Tuesday, 14 July 2015

Memory Line





One of the quirks of my personal history is in a period when I was running with the foxes I had the experience of grappling with a sturgeon.

So the story of the SNP rising in righteous anger to stop the English chasing foxes when at the same time they haven't quite got round to it themselves opens a dusty file in the archive of the mind.

The foxes I was with were not of the species vulpine, one or another, but a breed of humans who may well have had a dash of neanderthal, that is a rugby football touring team derived from regular clubs which took the name foxes and awarded ties accordingly.

The sturgeons in question were large slippery beasts that took some dealing with and could give you endless trouble.  This is not a reference to Nicola Sturgeon and the SNP, perish the thought.  It was the big fish that arrived frozen in railway vans that had to be moved onto the platform and into the vans of fishmongers.

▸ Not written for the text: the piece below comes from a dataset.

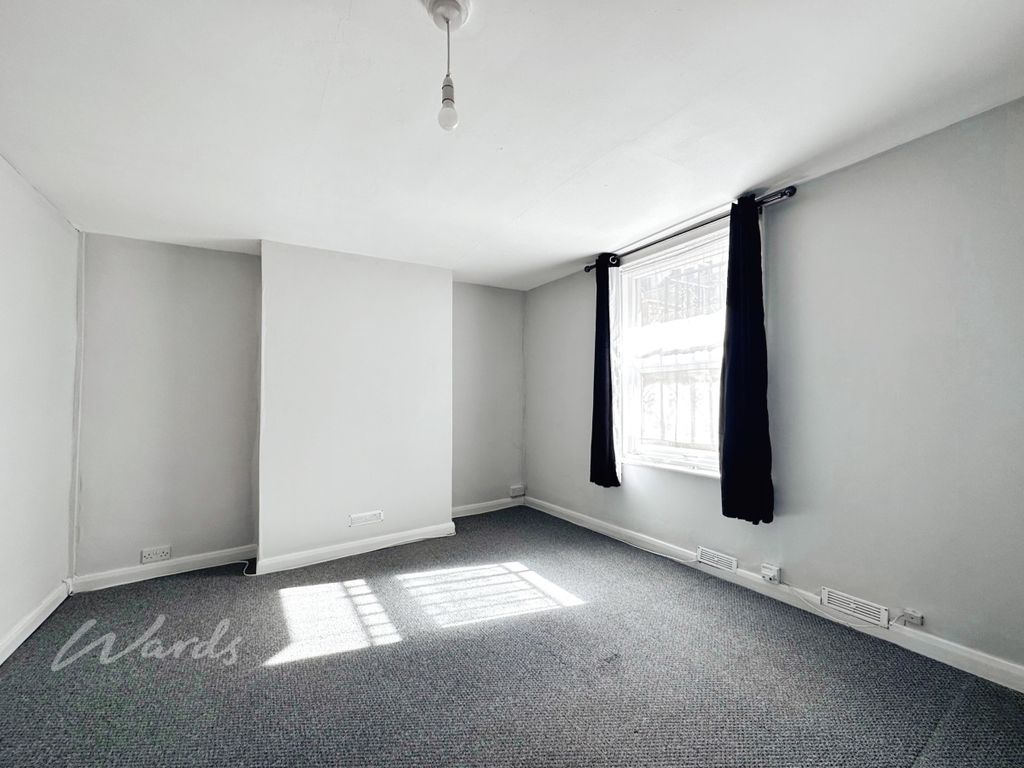 Property photo 3 of 6 Vale Bm Bedroom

The Grimsby Fish was one of the two major trains that arrived on the night shift and meant real work.  The other was the paper train when all the news and journals for the day had to be off the train and into the vans well inside the hour for a major city and district.  But there were a lot of men from the wholesalers to work with us.

There was less urgency with the fish, and no help from the fishmongers,  but on a cold night you did not want to be long in the vans and to be back by the stove in the Parcels Office with a stiff brew of tea on the go.  If the foreman could be distracted for a few minutes, Old Charlie would add a good shot of rum.

It was in the week after Christmas when one night brought us more fish vans than we liked to see.  Each of us had a van.  The ordinary fish was in boxes, iced and not difficult to move but long and tiring.  I had the bad luck to have the van in which there was a sturgeon.

It was a big one and worse it's box had failed because it was heavy.  The detail will be spared of my groping and handling in the struggle against the inevitable.  Also, it was a bitter night with ice on the surfaces of the dock.  So when the box fell apart and the sturgeon escaped my clutches it skated along the platform and onto the lines.

As this was the age of steam the lines at that point did not just have ordinary day to day muck, but cinders ash and other detritus of trains at that period, notably from the lavatories.  So the sturgeon had to be got off the lines and cleaned.  The water came from puddles and old coal sacks were used.

A couple of nights later we asked the fishmonger who the sturgeon was for.  It seemed that it was a prize dish as one of the courses in the Lord Mayor's New Year Banquet at the Town Hall at which there were eminent guests, people who had appeared on TV.

Being Scottish in origin, at least he claimed to be, he was piped in the feast, according to the local newspaper reports which made much of the Hogmanay business and the dishes on offer.

As for the foxes the old Denny Willis, a Scot popular in Glasgow, routine is the nearest I have got to foxhunting, it must be near fifty years ago that I saw this in Scarborough.  You need a particular sense of humour to fully enjoy this one as well as being live in an audience.

As for sturgeons, it is a fish I have never eaten, for some reason.